To Reward, We Must Measure. How do we fix this? We start rewarding people for data protection activities. To reward people, we need to measure their deliverables.
An enterprise-wide security policy and framework that includes specific measures at the data category level:
- Encryption design, starting with the data models
- Data categorization and modeling
- Test design that includes security and privacy testing
- Proactive recognition of security requirements and techniques
- Data profiling testing that discovers unprotected or under-protected data
- Data security monitoring and alerting
- Issue management and reporting
Traditionally, we relied on security features embedded in applications to protect our data. But in modern data stories, data is used across many applications and end-user tools. This means we must help ensure our data is protected as close as possible to where it persists. That means in the database.

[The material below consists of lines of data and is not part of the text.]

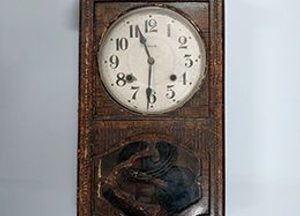 수원 부국원 괘종시계, 80여 년 만에 제자리로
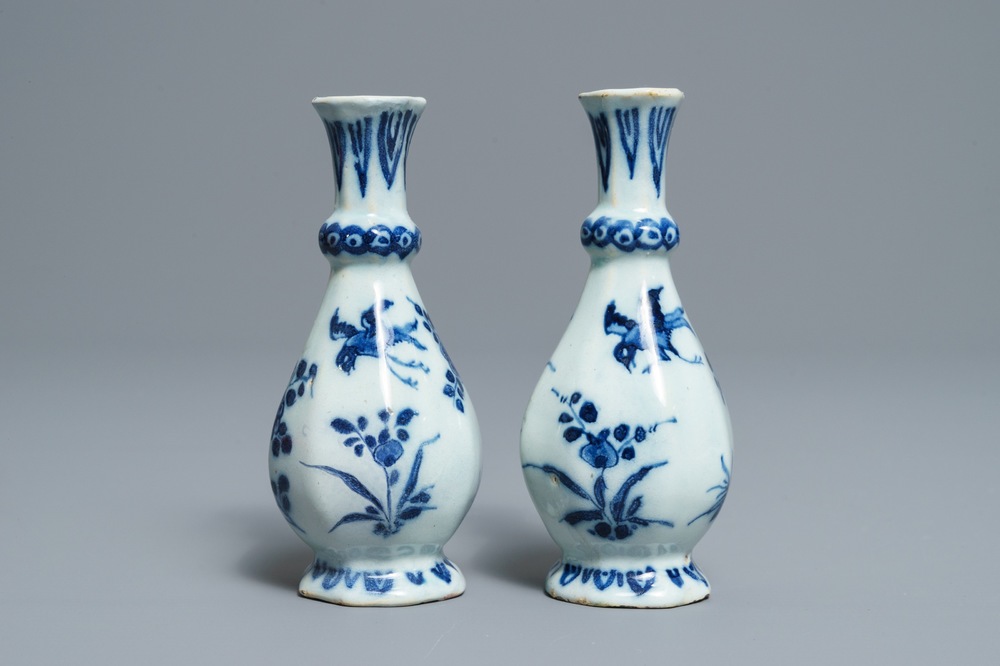 Une paire de vases de forme bouteille octagonale en fa&iuml;ence de Delft en bleu et blanc, 17/18&egrave;me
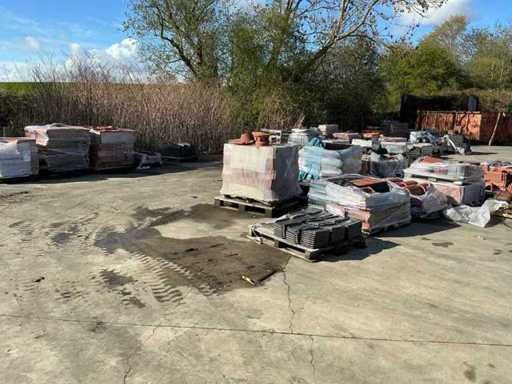 Partij restanten dakpannen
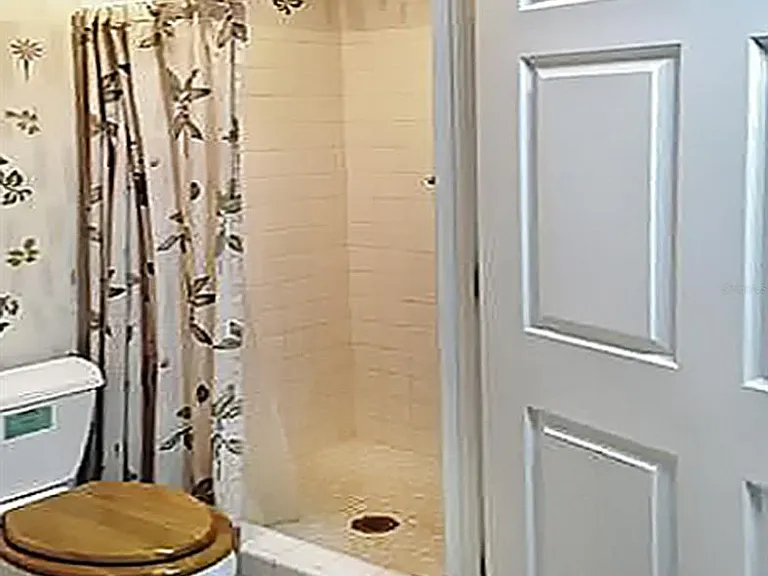 2227 Rose Ln — Photo 14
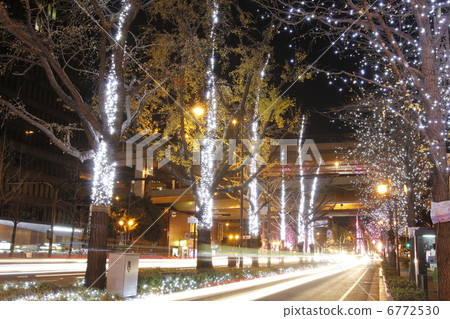 Midosuji Light Up 6772530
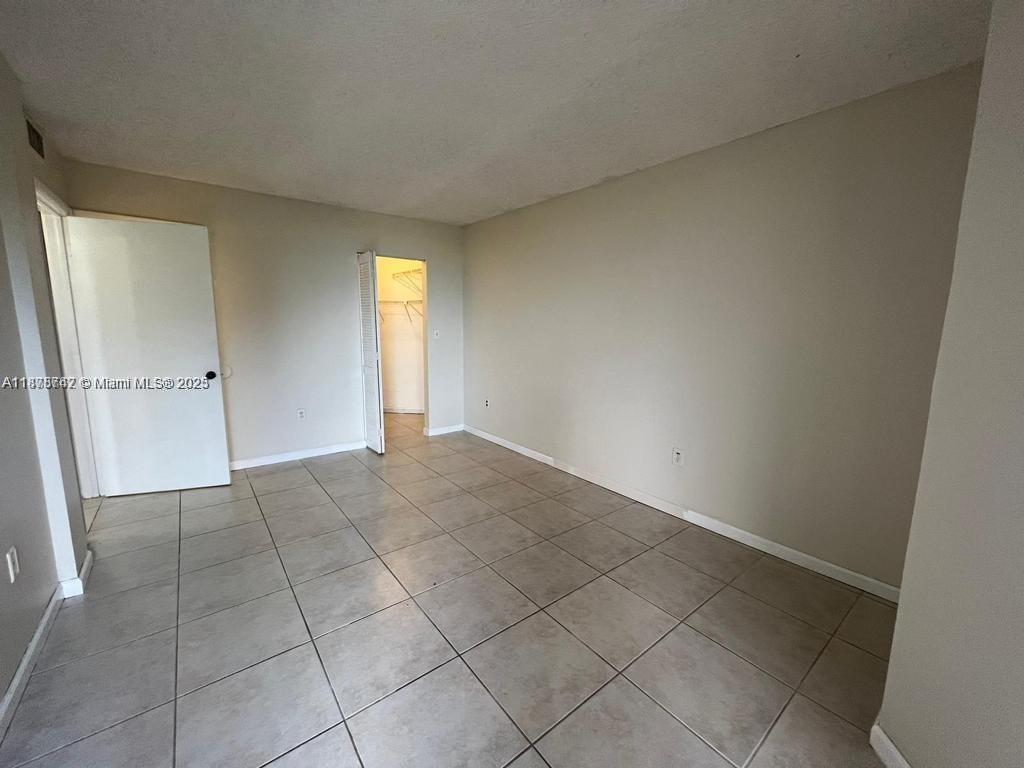 8205 SW 152nd Ave # 415 Unit: F-415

Before we can properly protect data, we have to know what data we steward and what protections we need to give it. That means we need a data inventory and a data categorization/cataloging scheme. There are two ways that we can categorize data: syntactically and semantically.
When we evaluate data items syntactically, we look at the names of tables and columns to understand the nature of data. For this to be even moderately successful, we must have reliable and meaningful naming standards. I can tell you from my 30+ years of looking at data architectures that we aren't good at that. Tools that start here do 80% of the work, but it's that last 20% that takes much more time to complete. Add to this the fact that we also do a shameful job of changing the meaning of a column/data item without updating the name, and we have a lot of manual work to do to properly categorize data.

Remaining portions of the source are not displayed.